A partial copy is required: transcribe exactly the lines from the one containing "Tips for you." through the last line below, without any pictures.

*** Dataset excerpts ***

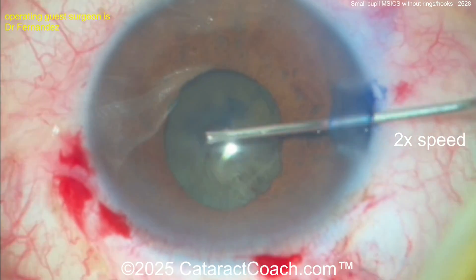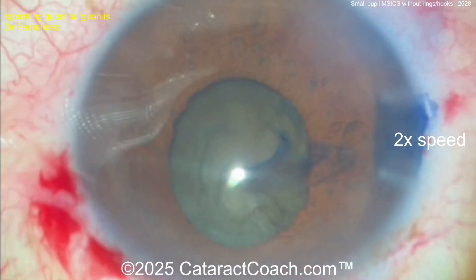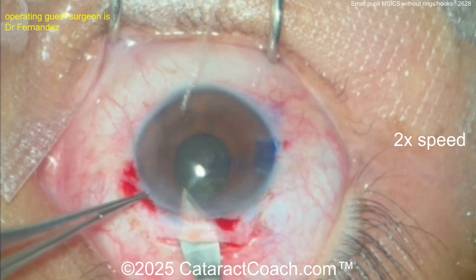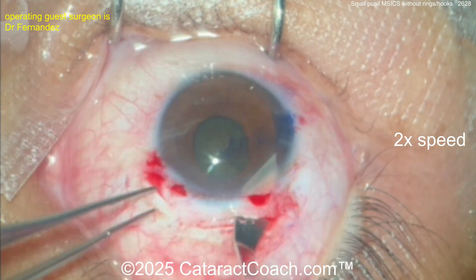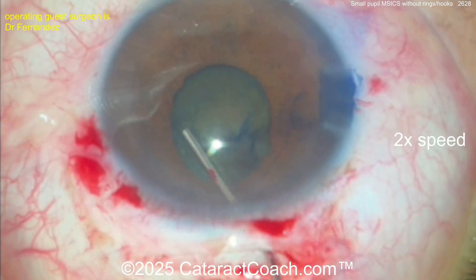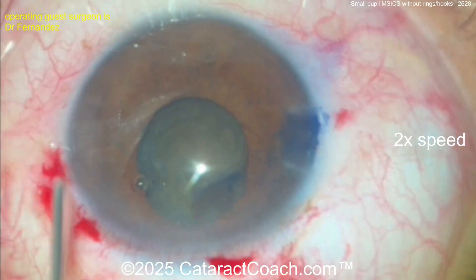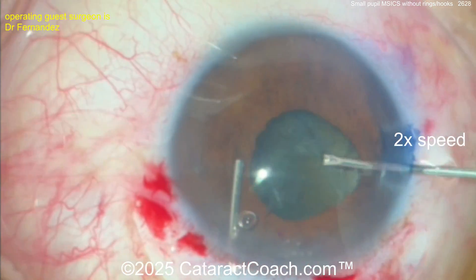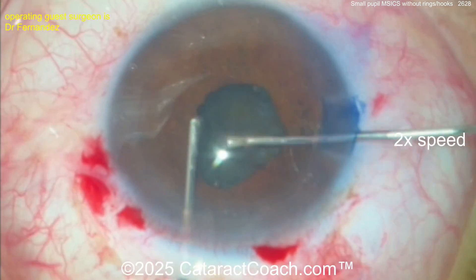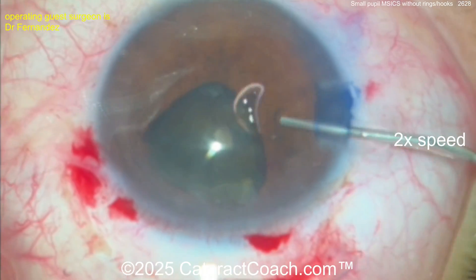Now zooming in and getting a nice five millimeter capsular rhexis — don't make a baby rhexis here. In this case you're going to make the rhexis bigger than the pupil, and that's nicely done. You have to get the nucleus out of the bag, so now entering the AC through the main incision, widening that up. A little gentle hydrodissection — you want to get this nucleus out of the bag. Take your time; the nucleus needs to come out of the bag.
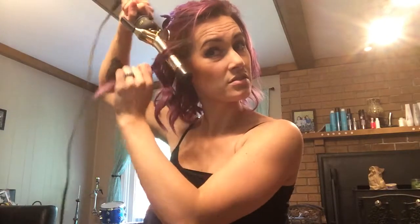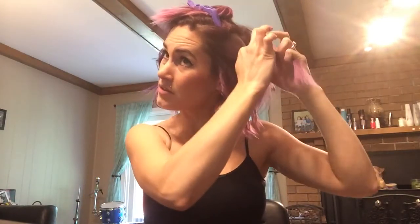Again, always away from the face. Notice how I have the barrel — the curling iron — facing down, away from the face. You're wrapping it, and then that way you can pull it down off of it. By working your way up, you can see all the straight hairs laying on top of the curls, so you're not missing any pieces.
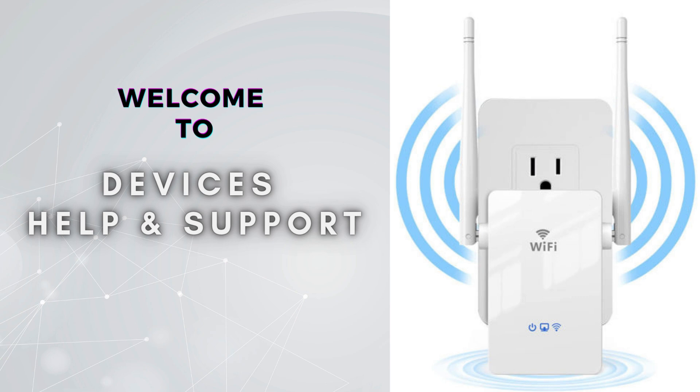Subscribe to our YouTube channel for more videos related to setup, troubleshooting, and unboxing. And don't forget to press the bell icon so you don't miss our latest videos.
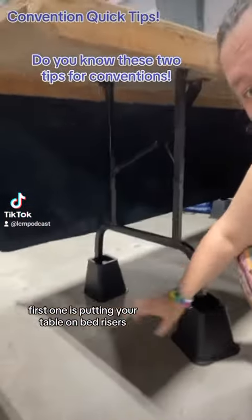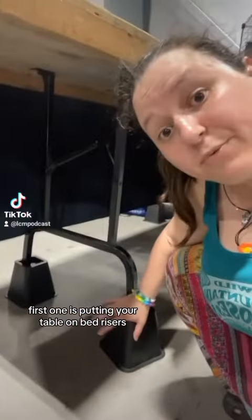Tips for you. First one is putting your table up on bed risers. As someone who sets up at conventions to promote his podcast, for those of you who wish to find out more, link in bio to find more information about my show for those interested.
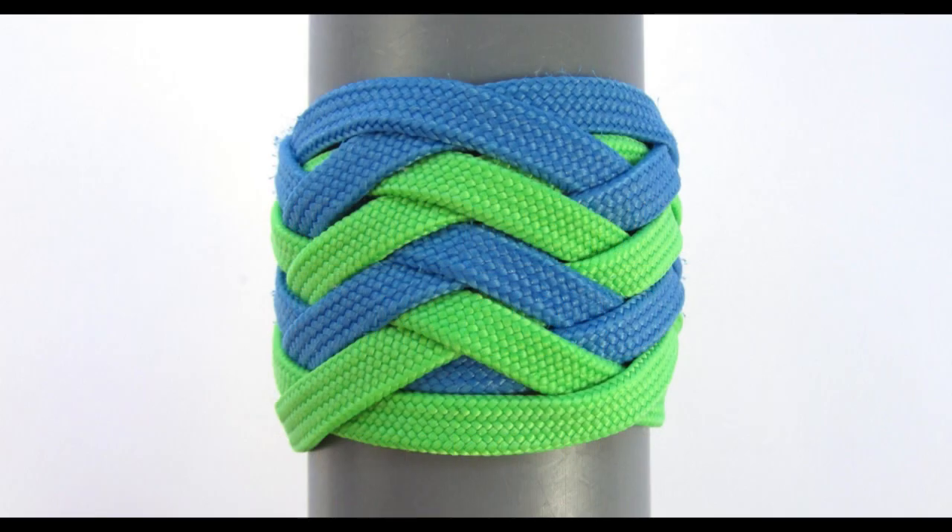Hey guys, Mark here. In this tutorial I wanted to show you how to tie a two-pass type 2 pineapple knot.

*** End of Dataset excerpts ***

■ Answer for the task ■
Tips for you. First one is putting your table up on bed risers. As someone who sets up at conventions to promote his podcast, for those of you who wish to find out more, link in bio to find more information about my show for those interested.
Hey guys, Mark here. In this tutorial I wanted to show you how to tie a two-pass type 2 pineapple knot.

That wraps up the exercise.